• **Task requirements**: The expected output is the line with "Jeu Cube Escape - The Mill" plus all lines after it to the end of the material below, reproduced exactly, with pictures omitted and nothing else included.

• **Source records**:
--
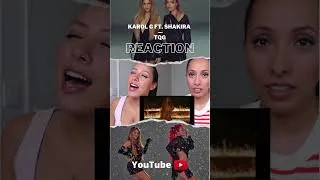 Miniature : #reaction #shakira #karolg #tqg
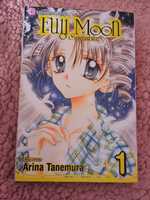 Mangá "Fullmoon O Sagashite" vol. 1 - Arina Tanemura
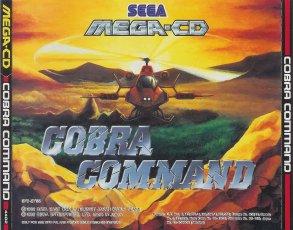 Cobra Command / Sol-Feace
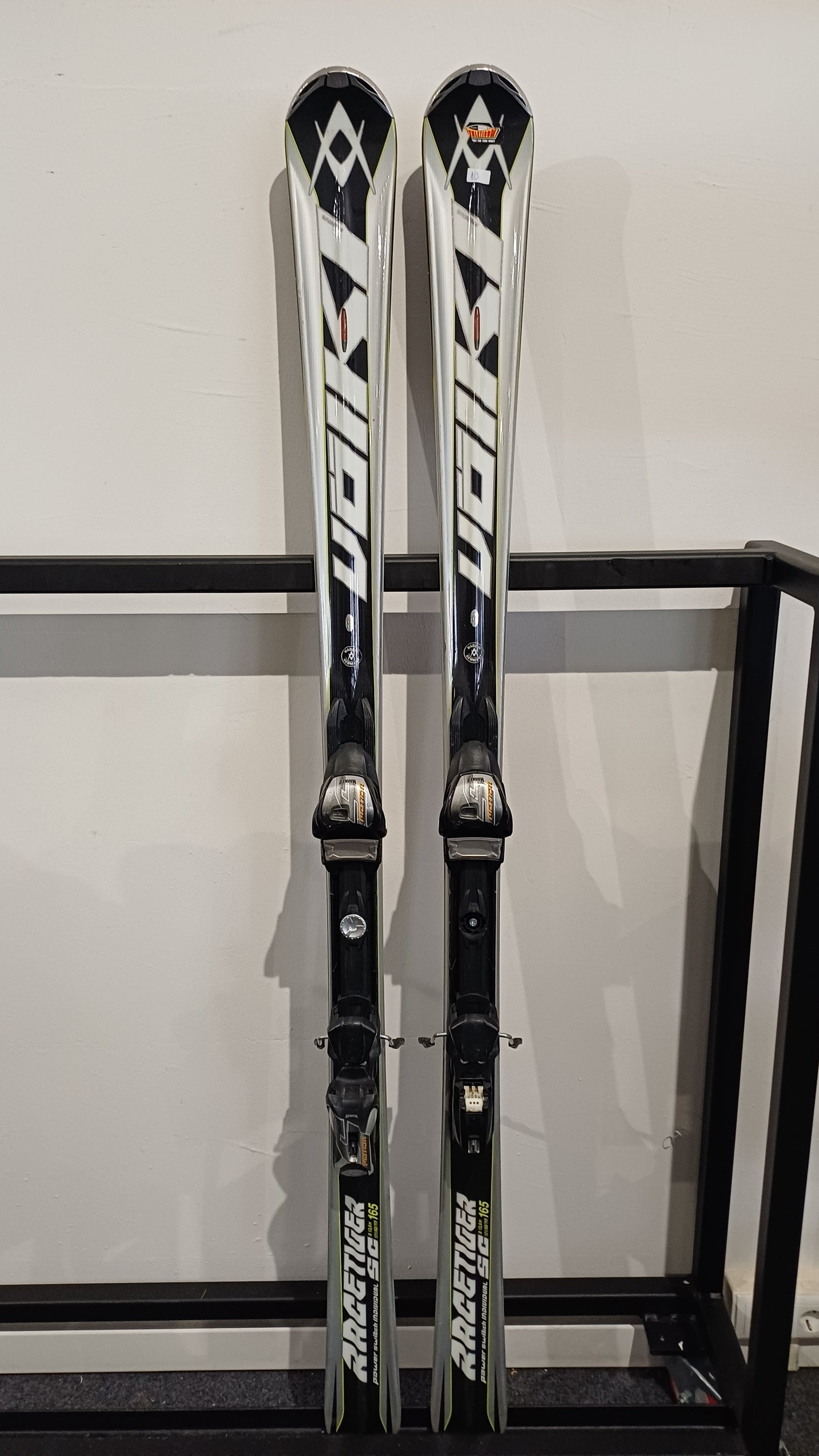 Völkl racetiger SC 165 cm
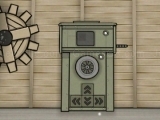 Jeu Cube Escape - The Mill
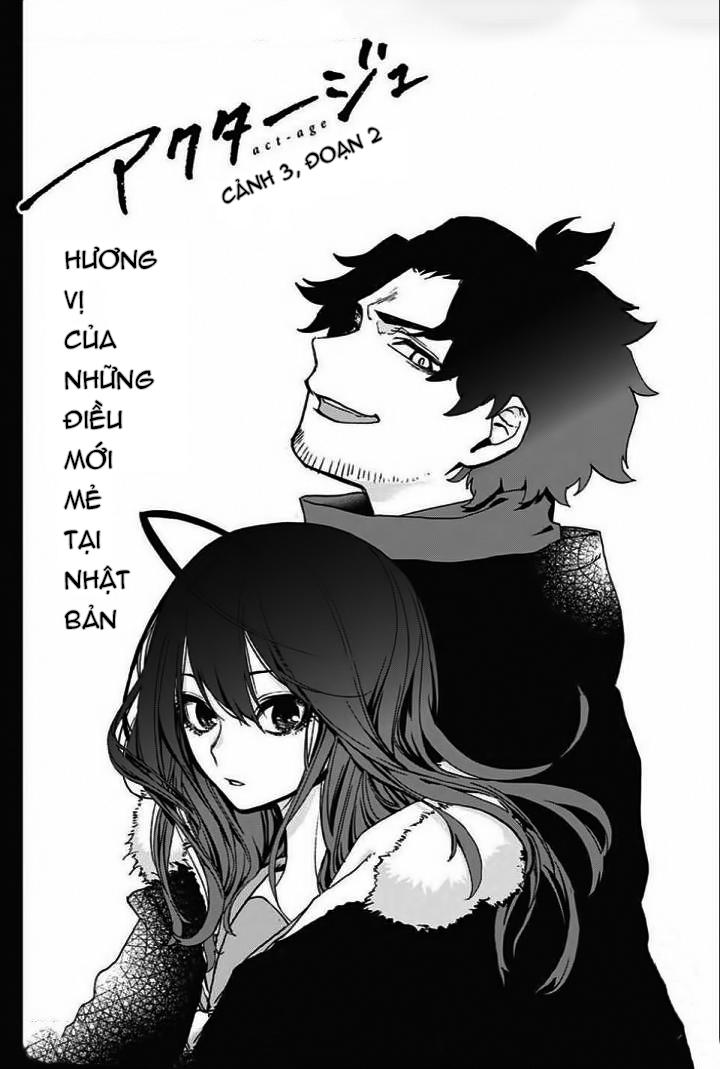 Act-Age Chapter 3 - Trang 2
--
• **Exercise output**:
 Jeu Cube Escape - The Mill
 Act-Age Chapter 3 - Trang 2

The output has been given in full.